ERIC ED599996: When Does Abstraction Occur in Semantic Memory: Insights from Distributional Models PDF

2018·0.14 MB·English

by ERIC

#additional_collections #ericarchive

Checking for file health...

Save to my drive

Quick download

Download

Download ERIC ED599996: When Does Abstraction Occur in Semantic Memory: Insights from Distributional Models PDF Free - Full Version

by ERIC| 2018| 0.14| English

Download ERIC ED599996: When Does Abstraction Occur in Semantic Memory: Insights from Distributional Models by ERIC in PDF format completely FREE. No registration required, no payment needed. Get instant access to this valuable resource on PDFdrive.to!

Free Download PDF

About ERIC ED599996: When Does Abstraction Occur in Semantic Memory: Insights from Distributional Models

No description available for this book.

Detailed Information

Author:	ERIC
Publication Year:	2018
Language:	English
File Size:	0.14
Format:	PDF
Price:	FREE

Download Free PDF

Safe & Secure Download - No registration required

Why Choose PDFdrive for Your Free ERIC ED599996: When Does Abstraction Occur in Semantic Memory: Insights from Distributional Models Download?

100% Free: No hidden fees or subscriptions required for one book every day.
No Registration: Immediate access is available without creating accounts for one book every day.
Safe and Secure: Clean downloads without malware or viruses
Multiple Formats: PDF, MOBI, Mpub,... optimized for all devices
Educational Resource: Supporting knowledge sharing and learning

Frequently Asked Questions

Is it really free to download ERIC ED599996: When Does Abstraction Occur in Semantic Memory: Insights from Distributional Models PDF?

Yes, on https://PDFdrive.to you can download ERIC ED599996: When Does Abstraction Occur in Semantic Memory: Insights from Distributional Models by ERIC completely free. We don't require any payment, subscription, or registration to access this PDF file. For 3 books every day.
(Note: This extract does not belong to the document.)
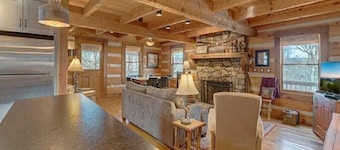 ダンシングベアキャビンで山を楽しむ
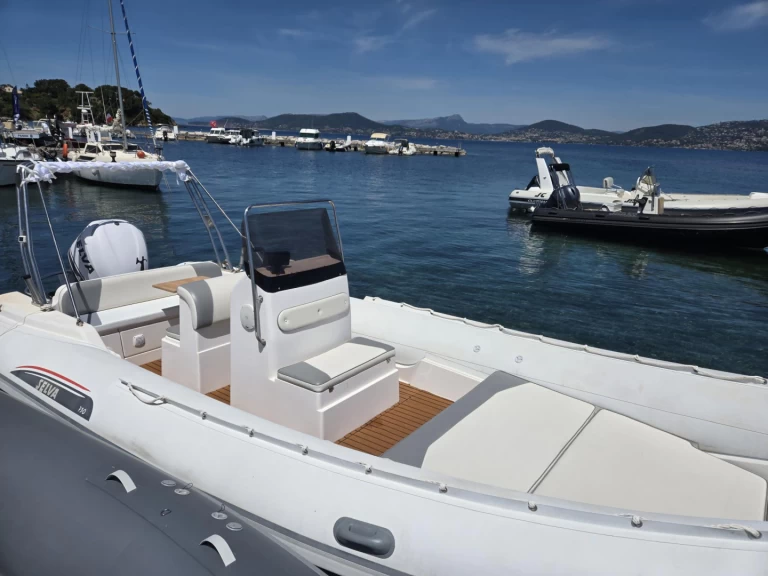 Location bateau Giens pas cher Selva D730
How can I read ERIC ED599996: When Does Abstraction Occur in Semantic Memory: Insights from Distributional Models on my mobile device?

After downloading ERIC ED599996: When Does Abstraction Occur in Semantic Memory: Insights from Distributional Models PDF, you can open it with any PDF reader app on your phone or tablet. We recommend using Adobe Acrobat Reader, Apple Books, or Google Play Books for the best reading experience.

Is this the full version of ERIC ED599996: When Does Abstraction Occur in Semantic Memory: Insights from Distributional Models?

Yes, this is the complete PDF version of ERIC ED599996: When Does Abstraction Occur in Semantic Memory: Insights from Distributional Models by ERIC. You will be able to read the entire content as in the printed version without missing any pages.

Is it legal to download ERIC ED599996: When Does Abstraction Occur in Semantic Memory: Insights from Distributional Models PDF for free?

https://PDFdrive.to provides links to free educational resources available online. We do not store any files on our servers. Please be aware of copyright laws in your country before downloading.

The materials shared are intended for research, educational, and personal use in accordance with fair use principles.